Boy, she was really going to miss this imaginative age when Holly grew out of it. But, though the fairy house wasn’t exactly inside the woods, it was close enough that a little girl might be tempted to walk in more deeply and then end up getting lost. So, no. “We’ll look later.”

“Okay, ’bye!” And she was gone like a tiny pink hurricane.

Joy glanced out the window and watched her daughter bullet across the lawn to the workshop and then slip inside the doors. Smiling to herself, she thought she’d give a lot to see Sam’s reaction to his visitor.

* * *

“Hi, Sam! Mommy said I could come play with you!”

She didn’t catch him completely by surprise. Thankfully, Sam had spotted the girl running across the yard and had had time to toss a heavy beige tarp over his latest project. Although why he’d started on it was beyond him. A whim that had come on him two days ago, he’d thrown himself into it late last night when he’d left Joy in the great room.

Guilt had pushed him away from her, and it was guilt that had kept him working half the night. Memories crowded his brain, but it was thoughts of Joy herself that kept him on edge. That kiss. The heavy sigh of her breath as she molded herself to him. The eager response and matching need that had thrown him harder than he’d expected.

Shaking his head, he grumbled, “Don’t have time to play.” He turned to his workbench to find something to do.

“I can help you like I did with the fairy house. I want to see if there are fairies there but Mommy said I couldn’t go by myself. Do you want to go with me? Cuz we can be busy outside, too, can’t we?” She walked farther into the room and, as if she had radar, moved straight to the tarp draped across his project. “What’s this?”
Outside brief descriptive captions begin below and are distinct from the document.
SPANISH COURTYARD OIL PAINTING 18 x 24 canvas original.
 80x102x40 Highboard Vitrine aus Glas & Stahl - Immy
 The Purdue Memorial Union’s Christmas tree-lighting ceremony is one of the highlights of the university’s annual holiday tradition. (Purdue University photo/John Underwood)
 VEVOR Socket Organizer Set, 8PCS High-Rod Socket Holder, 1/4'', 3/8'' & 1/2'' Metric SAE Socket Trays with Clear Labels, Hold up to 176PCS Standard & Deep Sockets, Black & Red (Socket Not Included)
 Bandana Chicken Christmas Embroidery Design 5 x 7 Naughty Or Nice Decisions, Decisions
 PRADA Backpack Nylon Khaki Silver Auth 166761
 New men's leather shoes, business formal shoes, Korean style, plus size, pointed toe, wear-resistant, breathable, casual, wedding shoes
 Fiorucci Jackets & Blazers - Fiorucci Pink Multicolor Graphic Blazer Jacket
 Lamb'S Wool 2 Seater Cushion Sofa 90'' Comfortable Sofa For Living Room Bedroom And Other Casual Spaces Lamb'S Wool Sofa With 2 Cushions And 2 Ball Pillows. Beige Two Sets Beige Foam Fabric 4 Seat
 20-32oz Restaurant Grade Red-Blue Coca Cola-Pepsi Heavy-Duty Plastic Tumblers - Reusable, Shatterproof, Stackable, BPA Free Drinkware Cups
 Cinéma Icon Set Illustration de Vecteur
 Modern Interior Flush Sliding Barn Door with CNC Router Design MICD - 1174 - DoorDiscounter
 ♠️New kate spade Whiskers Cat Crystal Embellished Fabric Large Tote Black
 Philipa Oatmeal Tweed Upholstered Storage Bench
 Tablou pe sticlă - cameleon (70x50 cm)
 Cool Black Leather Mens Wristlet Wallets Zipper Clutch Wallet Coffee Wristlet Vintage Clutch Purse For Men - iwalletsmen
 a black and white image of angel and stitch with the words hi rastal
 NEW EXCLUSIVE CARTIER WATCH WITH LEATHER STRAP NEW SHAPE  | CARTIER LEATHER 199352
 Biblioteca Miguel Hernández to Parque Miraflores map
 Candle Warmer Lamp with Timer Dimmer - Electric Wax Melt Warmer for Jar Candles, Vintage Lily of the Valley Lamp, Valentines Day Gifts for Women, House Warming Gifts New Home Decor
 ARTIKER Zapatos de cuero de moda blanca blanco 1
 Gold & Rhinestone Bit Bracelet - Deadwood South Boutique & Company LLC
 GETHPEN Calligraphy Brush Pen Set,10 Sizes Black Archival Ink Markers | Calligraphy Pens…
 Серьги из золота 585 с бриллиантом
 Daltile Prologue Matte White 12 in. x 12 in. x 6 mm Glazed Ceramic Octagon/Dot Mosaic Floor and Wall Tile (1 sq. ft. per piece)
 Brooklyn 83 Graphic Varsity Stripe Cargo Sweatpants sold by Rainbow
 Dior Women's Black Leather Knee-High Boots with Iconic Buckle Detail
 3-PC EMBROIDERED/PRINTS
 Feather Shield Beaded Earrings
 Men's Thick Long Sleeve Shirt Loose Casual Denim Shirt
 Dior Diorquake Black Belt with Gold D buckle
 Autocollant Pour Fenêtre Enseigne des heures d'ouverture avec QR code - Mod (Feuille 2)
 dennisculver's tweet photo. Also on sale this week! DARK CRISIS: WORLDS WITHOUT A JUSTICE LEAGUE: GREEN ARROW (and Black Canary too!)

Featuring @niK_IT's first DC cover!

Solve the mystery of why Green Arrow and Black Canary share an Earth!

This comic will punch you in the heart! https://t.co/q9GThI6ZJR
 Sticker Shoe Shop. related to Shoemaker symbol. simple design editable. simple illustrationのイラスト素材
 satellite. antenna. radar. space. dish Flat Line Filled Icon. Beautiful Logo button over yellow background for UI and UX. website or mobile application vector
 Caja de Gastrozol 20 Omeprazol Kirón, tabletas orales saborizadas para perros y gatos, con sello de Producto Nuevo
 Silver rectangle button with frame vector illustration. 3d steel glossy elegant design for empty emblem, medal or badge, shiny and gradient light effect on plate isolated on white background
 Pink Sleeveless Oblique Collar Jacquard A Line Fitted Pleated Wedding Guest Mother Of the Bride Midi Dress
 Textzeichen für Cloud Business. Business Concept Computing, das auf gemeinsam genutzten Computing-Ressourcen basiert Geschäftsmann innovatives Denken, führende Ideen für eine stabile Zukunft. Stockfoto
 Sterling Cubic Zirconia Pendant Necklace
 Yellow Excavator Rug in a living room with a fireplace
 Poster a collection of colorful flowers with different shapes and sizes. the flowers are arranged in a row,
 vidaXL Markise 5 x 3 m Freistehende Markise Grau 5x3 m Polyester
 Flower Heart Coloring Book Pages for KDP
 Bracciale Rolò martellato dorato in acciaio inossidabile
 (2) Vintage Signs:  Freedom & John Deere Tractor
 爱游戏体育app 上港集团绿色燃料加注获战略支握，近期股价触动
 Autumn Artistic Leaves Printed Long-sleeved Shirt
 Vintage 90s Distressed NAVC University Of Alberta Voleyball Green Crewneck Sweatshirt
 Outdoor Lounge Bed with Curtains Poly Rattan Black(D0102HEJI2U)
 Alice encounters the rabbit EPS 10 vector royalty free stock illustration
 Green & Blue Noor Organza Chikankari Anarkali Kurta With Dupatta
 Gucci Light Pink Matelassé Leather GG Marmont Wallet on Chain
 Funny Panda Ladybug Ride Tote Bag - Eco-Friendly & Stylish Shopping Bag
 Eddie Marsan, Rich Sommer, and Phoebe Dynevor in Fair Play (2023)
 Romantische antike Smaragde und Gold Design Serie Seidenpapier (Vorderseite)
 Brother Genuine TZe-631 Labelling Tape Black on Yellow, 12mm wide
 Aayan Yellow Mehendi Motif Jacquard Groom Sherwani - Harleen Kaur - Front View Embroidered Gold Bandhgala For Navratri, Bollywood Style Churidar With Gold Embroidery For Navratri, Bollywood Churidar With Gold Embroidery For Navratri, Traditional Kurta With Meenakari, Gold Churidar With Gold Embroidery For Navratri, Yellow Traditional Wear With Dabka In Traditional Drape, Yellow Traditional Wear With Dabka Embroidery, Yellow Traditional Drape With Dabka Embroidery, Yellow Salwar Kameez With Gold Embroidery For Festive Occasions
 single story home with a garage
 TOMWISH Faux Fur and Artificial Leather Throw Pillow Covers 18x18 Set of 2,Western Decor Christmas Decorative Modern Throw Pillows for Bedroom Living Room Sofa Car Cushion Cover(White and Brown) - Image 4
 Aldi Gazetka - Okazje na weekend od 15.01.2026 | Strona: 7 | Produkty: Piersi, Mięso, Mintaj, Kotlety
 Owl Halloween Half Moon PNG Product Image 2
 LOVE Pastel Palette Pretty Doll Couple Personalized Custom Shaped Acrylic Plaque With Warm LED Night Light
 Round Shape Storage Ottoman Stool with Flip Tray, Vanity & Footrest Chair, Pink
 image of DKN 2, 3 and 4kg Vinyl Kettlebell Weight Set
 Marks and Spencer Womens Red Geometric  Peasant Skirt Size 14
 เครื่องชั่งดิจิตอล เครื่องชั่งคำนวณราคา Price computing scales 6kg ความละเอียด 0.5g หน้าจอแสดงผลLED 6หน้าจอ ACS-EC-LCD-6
“Mine,” he said and winced at the sharpness of his tone. But the girl, just like her mother, was impossible to deflate. She simply turned that bright smile of hers on him and said, “It’s a secret, right? I like secrets. I can tell you one. It’s about Lizzie’s mommy going to have another baby. She thinks Lizzie doesn’t know but Lizzie heard her mommy tell her daddy that she passed the test.”

Too much information coming too quickly. He’d already learned about the wonderful Lizzie and her puppy. And this latest news blast might come under the heading of TMI.

“I wanted a sister, too,” Holly said and walked right up to his workbench, climbing onto the stool she’d used the last time she was there. “But Mommy says I have to have a puppy instead and that’s all right cuz babies cry a lot and a puppy doesn’t...”

“Why don’t we go check the fairy house?” Sam said, interrupting the flow before his head exploded. Getting her out of the shop seemed the best way to keep her from asking about the tarp again. It wasn’t as if he wanted to go look for fairies in the freezing-cold woods.

“Oh, boy!” She squirmed off the stool, then grabbed his hand with her much smaller one.

Just for a second, Sam felt a sharp tug at the edges of his heart, and it was painful. Holly was older than Eli had been, he told himself, and she was a girl—so completely different children. But he couldn’t help wondering what Eli would have been like at Holly’s age. Or as he would be now at almost nine. But Eli would always be three years old. Just finding himself. Just becoming more of a boy than a baby and never a chance to be more.

“Let’s go, Sam!” Holly pulled on his hand and leaned forward as if she could drag him behind her if she just tried hard enough.

He folded his fingers around hers and let her lead him from the shop into the cold. And he listened to her talk, heard again about puppies and fairies and princesses, and told himself that maybe this was his punishment. Being lulled into affection for a child who wasn’t his. A child who would disappear from his life in a few short weeks.